*** RECORDED DATA Section Begins ***

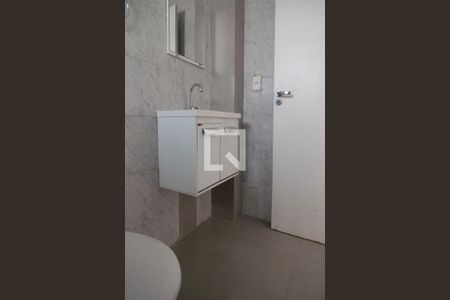 Banheiro  de apartamento para alugar com 1 quarto, 60m² em Bela Vista, São Paulo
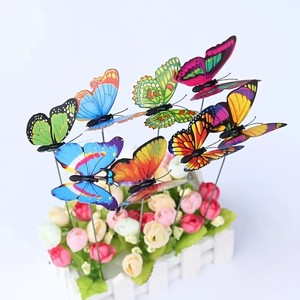10 Piezas de Mariposas Artificiales 3D de PVC Coloridas, Estacas Decorativas Vintage con Patrones Aleatorios Personalizados para Jardín y Patio, Adorno Único - Product Image 6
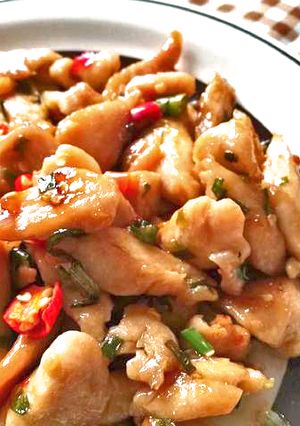 รูปของ อกไก่คั่วพริกสด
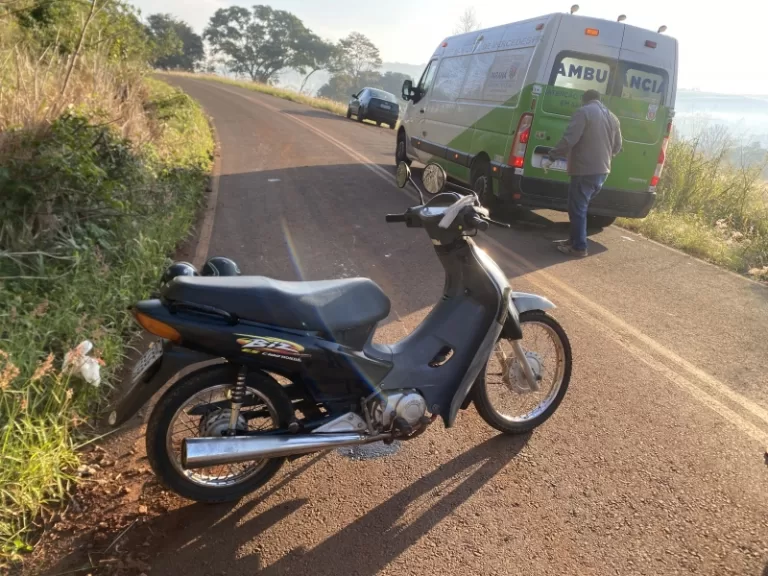 Cães na pista provocam acidente em Mercedes e duas pessoas ficam feridas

*** RECORDED DATA Section Ends ***

• TASK DESCRIPTION
Without the pictures, write out every line above exactly as it appears.

• SOLUTION TO THE PROBLEM
 Banheiro  de apartamento para alugar com 1 quarto, 60m² em Bela Vista, São Paulo
10 Piezas de Mariposas Artificiales 3D de PVC Coloridas, Estacas Decorativas Vintage con Patrones Aleatorios Personalizados para Jardín y Patio, Adorno Único - Product Image 6
 รูปของ อกไก่คั่วพริกสด
 Cães na pista provocam acidente em Mercedes e duas pessoas ficam feridas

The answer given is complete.